Cities Facing Costly Clean Water Act Mandates Can Use New Tool – May Bring
Congress passed the Integrated Planning bill in late 2018 legislative action; and, it potentially will have a direct financial impact on nearly every person who uses tap water, toilets, showers and other uses that end up in the sewer and wastewater treatment plant. HR 7279 the Water Infrastructure Improvement Act had strong bipartisan and bicameral support. It amends the Clean Water Act, by codifying EPA’s current Integrated Planning and Permitting Policy to allow municipalities to develop a plan that integrates wastewater and stormwater management, (Section 3). Any city that owns or operates a sewer system and/or wastewater treatment plant now has an opportunity to continue progress on water quality and stormwater controls but will have more flexibility when it comes to the intersection of affordability and compliance schedules. The Act has several provisions that are important to cities.
Section 3 – Integrated Plans
- Comprehensive Applicability: Municipal systems permitted under the National Pollutant Discharge Elimination System (NPDES) that incorporate an integrated plan may integrate all requirements under the Act addressed in the plan, including requirements relating to:
– combined sewer overflows
– sanitary sewer collection systems
– total maximum daily loads.
- Informing Cities about Integrated Plans: Whenever EPA takes an enforcement action under the CWA they MUST inform the city of the opportunity to develop an integrated plan.
- Modify Decrees and Settlements: A municipality under an administrative order or settlement agreement may request a modification of the order or settlement based on the municipality’s integrated plan.
- Incorporating Green Infrastructure: A plan that is incorporated into a permit may include the implementation of green infrastructure and projects to reclaim, recycle, or reuse water. Green infrastructure includes measures that mimic natural processes to store, reuse, or reduce stormwater.

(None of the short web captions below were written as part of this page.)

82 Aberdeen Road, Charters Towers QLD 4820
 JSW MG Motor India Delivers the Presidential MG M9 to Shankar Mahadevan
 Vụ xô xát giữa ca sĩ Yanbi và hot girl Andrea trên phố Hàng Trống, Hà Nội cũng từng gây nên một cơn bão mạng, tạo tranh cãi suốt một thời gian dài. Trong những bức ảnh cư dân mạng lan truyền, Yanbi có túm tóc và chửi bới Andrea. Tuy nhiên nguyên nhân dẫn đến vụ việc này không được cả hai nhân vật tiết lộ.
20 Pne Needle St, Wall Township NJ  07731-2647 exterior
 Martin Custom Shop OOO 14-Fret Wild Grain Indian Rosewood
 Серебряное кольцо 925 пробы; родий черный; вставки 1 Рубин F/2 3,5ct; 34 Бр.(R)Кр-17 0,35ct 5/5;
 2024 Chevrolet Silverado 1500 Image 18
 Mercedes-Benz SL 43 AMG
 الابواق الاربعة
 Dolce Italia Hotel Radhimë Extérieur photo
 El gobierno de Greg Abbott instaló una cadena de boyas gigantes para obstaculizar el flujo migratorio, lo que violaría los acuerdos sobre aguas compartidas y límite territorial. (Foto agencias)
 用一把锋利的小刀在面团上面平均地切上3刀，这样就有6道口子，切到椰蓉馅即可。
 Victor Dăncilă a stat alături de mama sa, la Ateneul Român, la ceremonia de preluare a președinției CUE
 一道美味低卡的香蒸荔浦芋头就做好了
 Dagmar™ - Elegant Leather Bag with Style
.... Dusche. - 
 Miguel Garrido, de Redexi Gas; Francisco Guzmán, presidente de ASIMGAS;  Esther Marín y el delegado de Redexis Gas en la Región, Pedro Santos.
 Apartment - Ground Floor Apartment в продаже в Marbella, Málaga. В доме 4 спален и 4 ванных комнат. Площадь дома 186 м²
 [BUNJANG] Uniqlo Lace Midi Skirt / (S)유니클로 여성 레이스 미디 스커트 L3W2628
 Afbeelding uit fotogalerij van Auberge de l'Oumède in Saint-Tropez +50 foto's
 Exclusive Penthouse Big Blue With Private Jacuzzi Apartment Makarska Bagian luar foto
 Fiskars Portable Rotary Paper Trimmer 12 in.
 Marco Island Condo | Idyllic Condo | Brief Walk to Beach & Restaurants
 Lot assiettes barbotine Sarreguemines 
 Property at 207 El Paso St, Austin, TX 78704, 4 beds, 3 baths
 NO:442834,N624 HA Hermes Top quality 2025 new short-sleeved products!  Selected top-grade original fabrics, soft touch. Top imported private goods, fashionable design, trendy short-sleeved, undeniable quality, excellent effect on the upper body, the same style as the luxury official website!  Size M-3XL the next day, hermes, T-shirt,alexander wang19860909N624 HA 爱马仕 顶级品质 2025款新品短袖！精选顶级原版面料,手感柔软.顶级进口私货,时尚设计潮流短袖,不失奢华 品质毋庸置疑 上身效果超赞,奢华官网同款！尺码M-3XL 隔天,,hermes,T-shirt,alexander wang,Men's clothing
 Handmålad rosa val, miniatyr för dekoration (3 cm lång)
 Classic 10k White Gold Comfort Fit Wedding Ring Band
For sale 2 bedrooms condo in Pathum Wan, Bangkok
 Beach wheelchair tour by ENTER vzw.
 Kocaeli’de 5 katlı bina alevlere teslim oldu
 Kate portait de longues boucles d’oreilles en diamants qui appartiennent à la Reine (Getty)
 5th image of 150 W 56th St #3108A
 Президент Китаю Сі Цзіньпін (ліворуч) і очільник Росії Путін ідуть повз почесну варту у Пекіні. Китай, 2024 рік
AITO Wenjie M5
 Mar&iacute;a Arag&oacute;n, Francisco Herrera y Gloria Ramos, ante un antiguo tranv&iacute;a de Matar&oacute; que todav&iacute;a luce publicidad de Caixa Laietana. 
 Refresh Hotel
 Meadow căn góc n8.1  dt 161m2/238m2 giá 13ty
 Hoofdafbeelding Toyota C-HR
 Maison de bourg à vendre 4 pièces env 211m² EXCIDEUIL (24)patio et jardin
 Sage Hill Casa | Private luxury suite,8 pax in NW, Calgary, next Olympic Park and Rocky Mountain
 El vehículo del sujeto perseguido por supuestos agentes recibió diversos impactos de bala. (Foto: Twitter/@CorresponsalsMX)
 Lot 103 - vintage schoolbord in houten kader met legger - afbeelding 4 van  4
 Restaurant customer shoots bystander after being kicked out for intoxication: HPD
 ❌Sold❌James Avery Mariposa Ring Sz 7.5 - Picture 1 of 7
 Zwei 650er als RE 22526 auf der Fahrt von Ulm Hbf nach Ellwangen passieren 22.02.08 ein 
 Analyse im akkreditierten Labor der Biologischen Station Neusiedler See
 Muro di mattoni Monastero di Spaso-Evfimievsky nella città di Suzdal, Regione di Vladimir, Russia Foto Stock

- Flexible Compliance Schedules: A permit incorporating an Integrated Plan may include a schedule of compliance that allows actions for meeting water quality-based effluent limitations to be implemented over more than one permit term if the compliance schedules are authorized by state water quality standards.
Section 4 – Municipal Ombudsman
The Act establishes an Office of the Municipal Ombudsman in the Environmental Protection
Agency to provide:
- Technical assistance to municipalities seeking to comply with the Clean Water Act
- Information to the EPA to ensure that agency policies are implemented by all EPA offices.
- The Ombudsman is responsible for informing cities about federal financial assistance they may be eligible to receive.
- Ombudsman is also responsible for informing cities of what flexibility is available under the CWA.
It is expected that the Ombudsman will be able to help permit holders, cities, that raise concerns about requirements mandated by EPA Regional Offices.
Section 5 – Green Infrastructure
EPA is required to:
- Promote the use of green infrastructure.
- Coordinate efforts to implement green infrastructure with other federal agencies, states and tribal government.
- Conduct outreach and green infrastructure training in the regions.
- Establish a website for green infrastructure information sharing and technical assistance.